→ WHAT YOU SHOULD DO
Give again, unaltered, the line with "There are two" and all lines that follow it in the listing below, minus any pictures.

→ DATASET EXTRACT
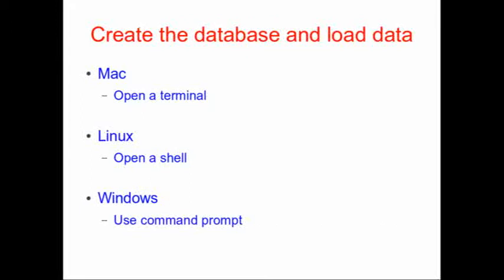We're going to create the database and load the data. The way that we're going to do this is the same regardless of what operating system you use. But to get to the critical prompt that we need to see, if you're using a Mac, we're going to open a terminal. If you're using Linux, we're going to open a shell. And if you're using Windows, you're going to open a command prompt.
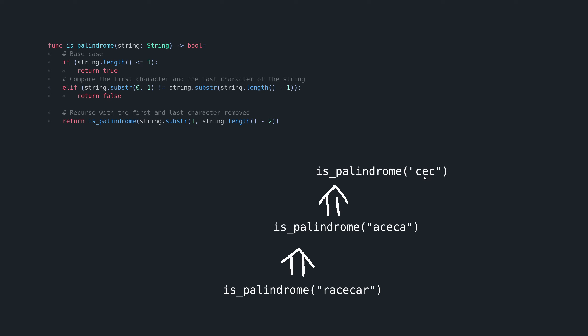And same thing here. Our string length is not less than equal to one, the first and last letters do match. So we're going to recurse again. And here we finally reached our base case. Our string is E, which does satisfy our base case, and we're finally going to return an actual value, we're going to return true.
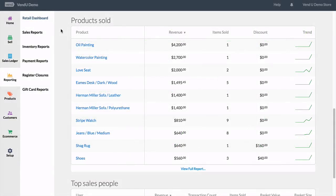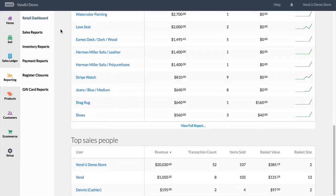There are two tables at the bottom as well to wrap up your retail dashboard. These are products sold, to show you your top products as well as the number of times they were sold and the total amount that they were discounted. And finally, the top salespeople, which shows your top staff members and provides the quantity of items sold by these salespeople as well as their revenue earnings.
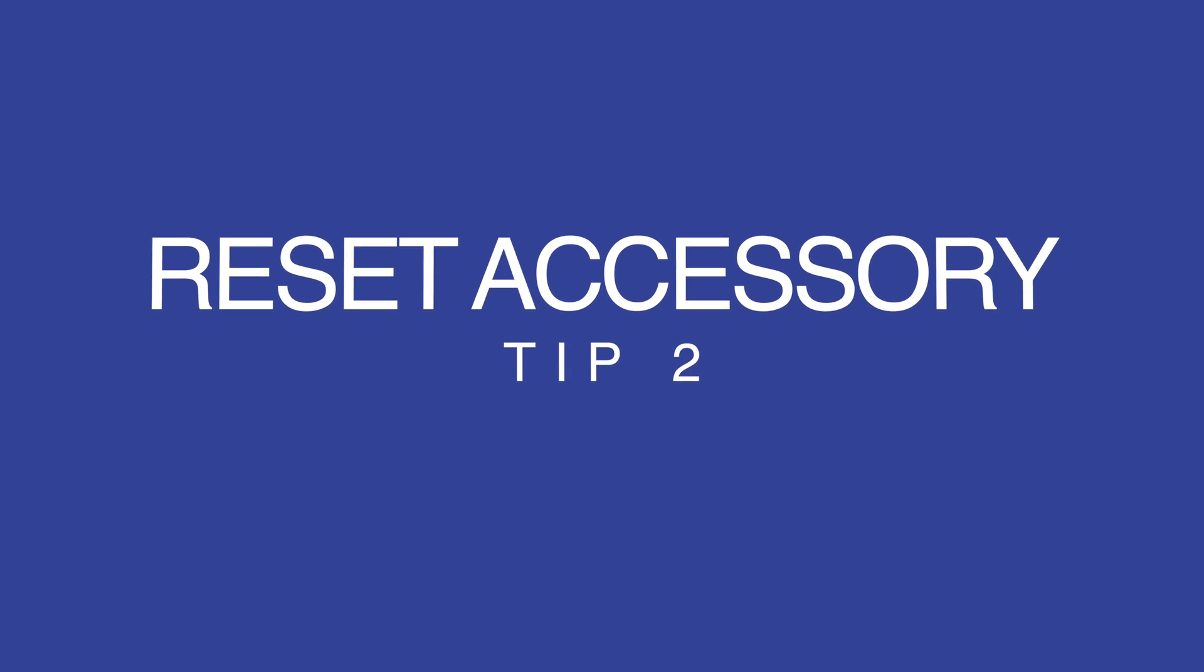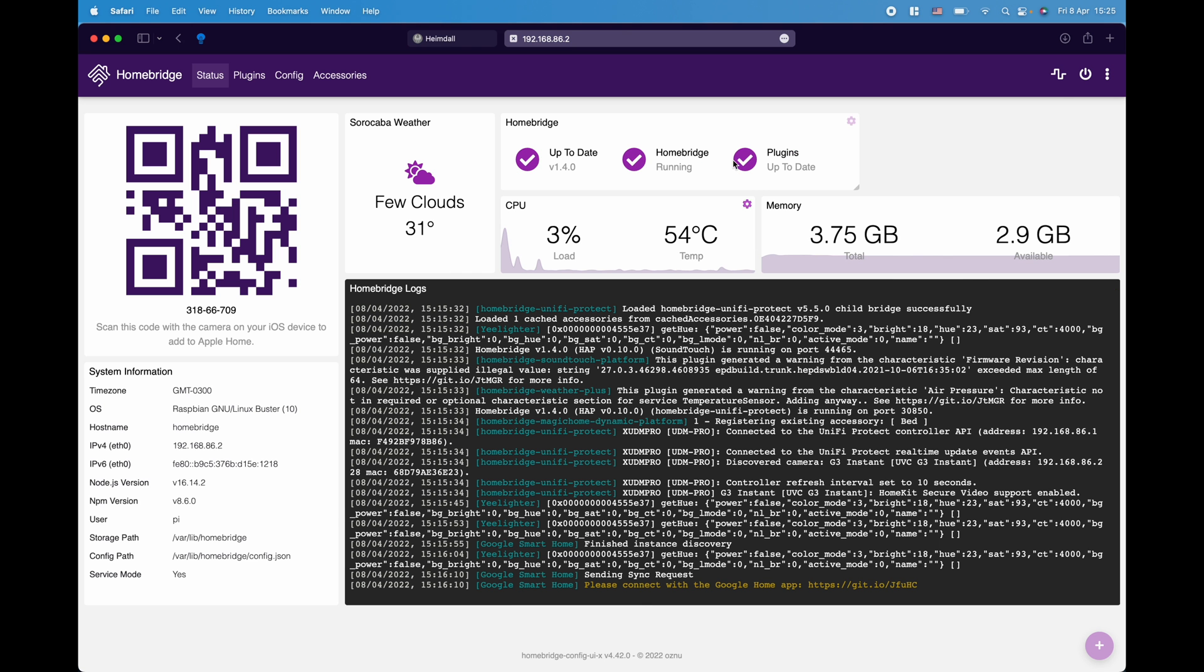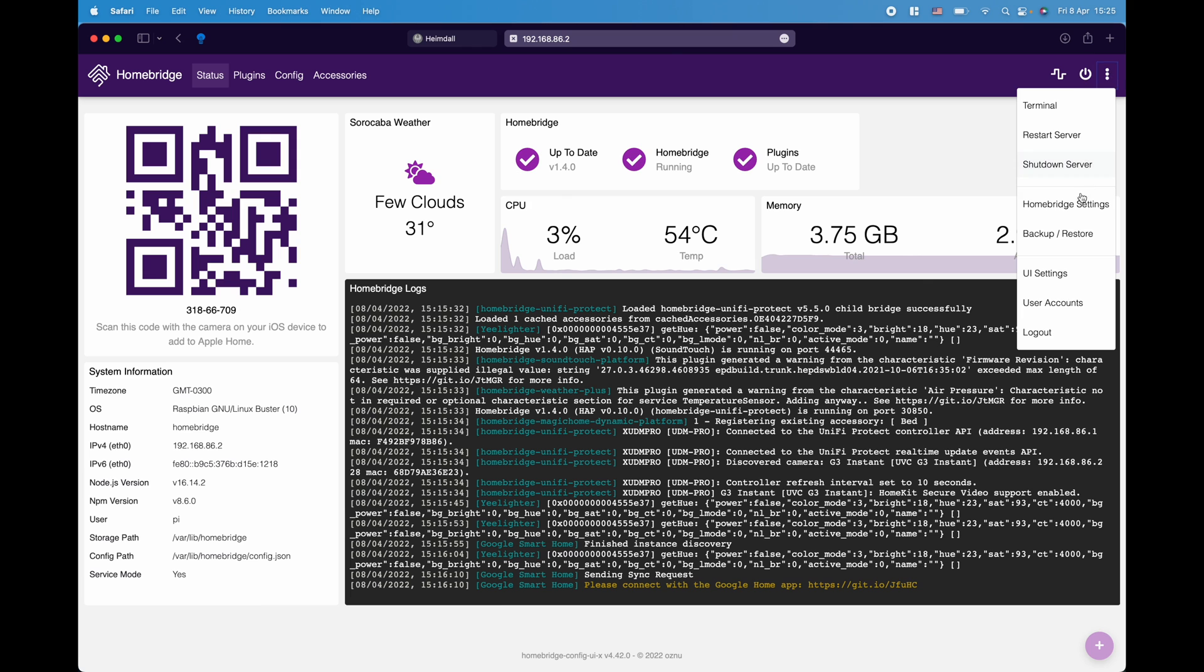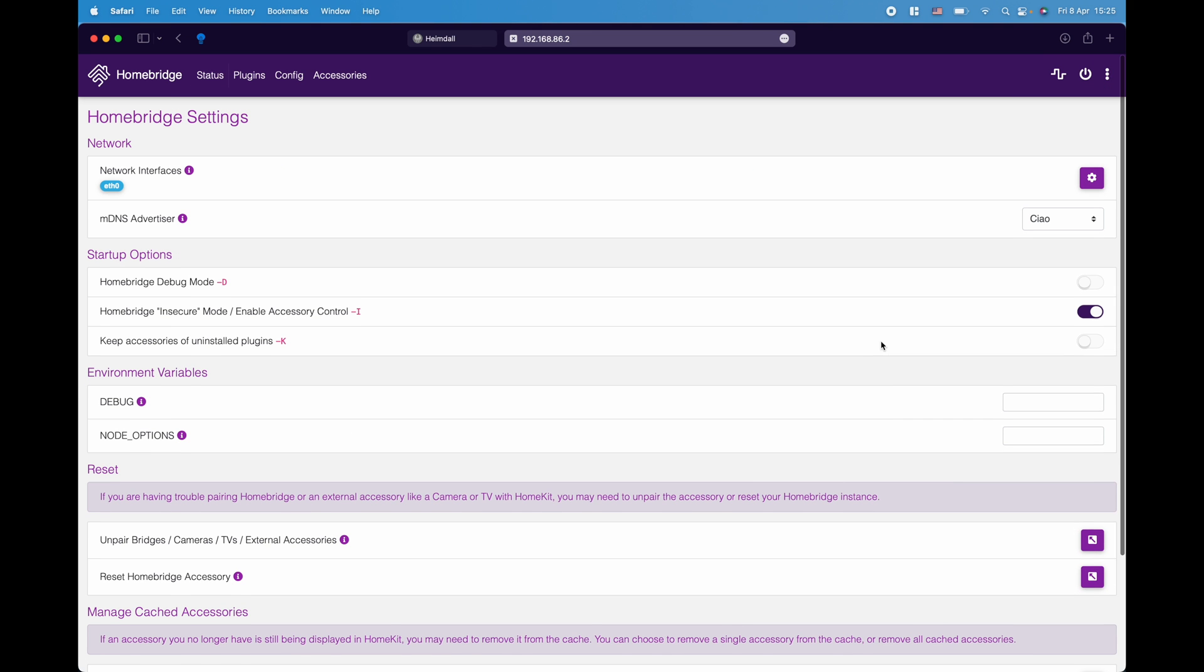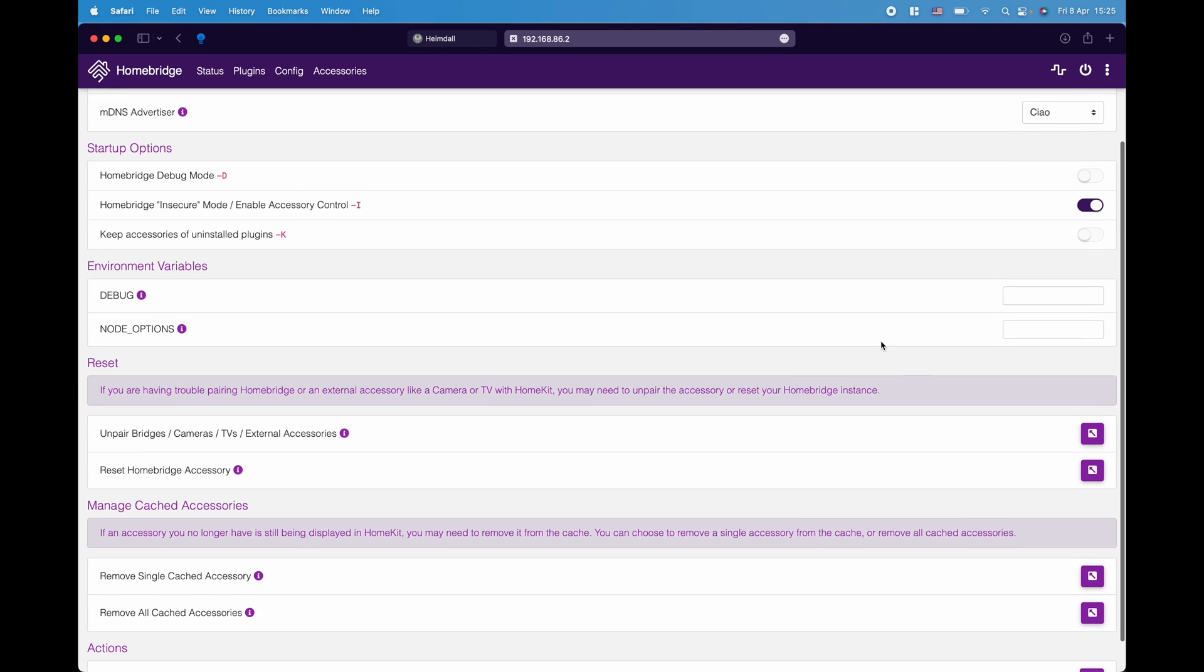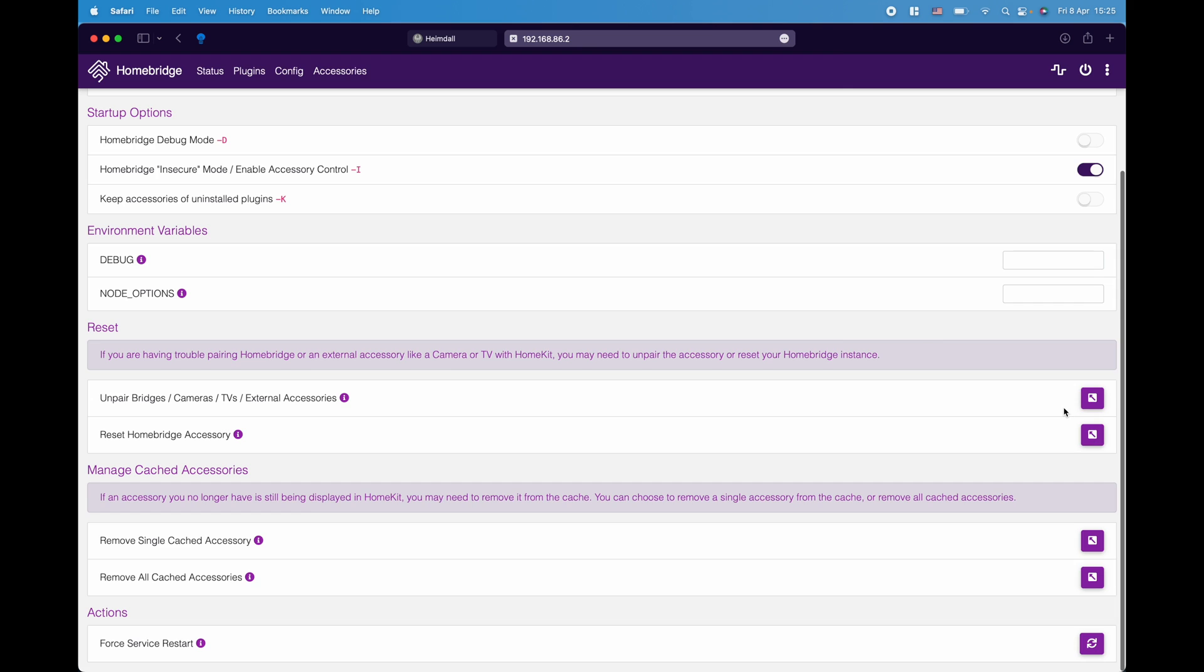Tip number two is resetting and pairing of accessories plus resetting of bridges and also force restarting. This is a good tip if you want to restart a specific device or an accessory. To do that we can go to admin and login and you want to go to Homebridge settings and we can go all the way down to resetting. Over here we can unpair bridges, cameras, TVs, external accessories. If you click on it, now you want to make sure those bridges or external accessories that are no longer active, you can delete them without any impact to Homebridge.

→ EXERCISE RESPONSE
There are two tables at the bottom as well to wrap up your retail dashboard. These are products sold, to show you your top products as well as the number of times they were sold and the total amount that they were discounted. And finally, the top salespeople, which shows your top staff members and provides the quantity of items sold by these salespeople as well as their revenue earnings.
Tip number two is resetting and pairing of accessories plus resetting of bridges and also force restarting. This is a good tip if you want to restart a specific device or an accessory. To do that we can go to admin and login and you want to go to Homebridge settings and we can go all the way down to resetting. Over here we can unpair bridges, cameras, TVs, external accessories. If you click on it, now you want to make sure those bridges or external accessories that are no longer active, you can delete them without any impact to Homebridge.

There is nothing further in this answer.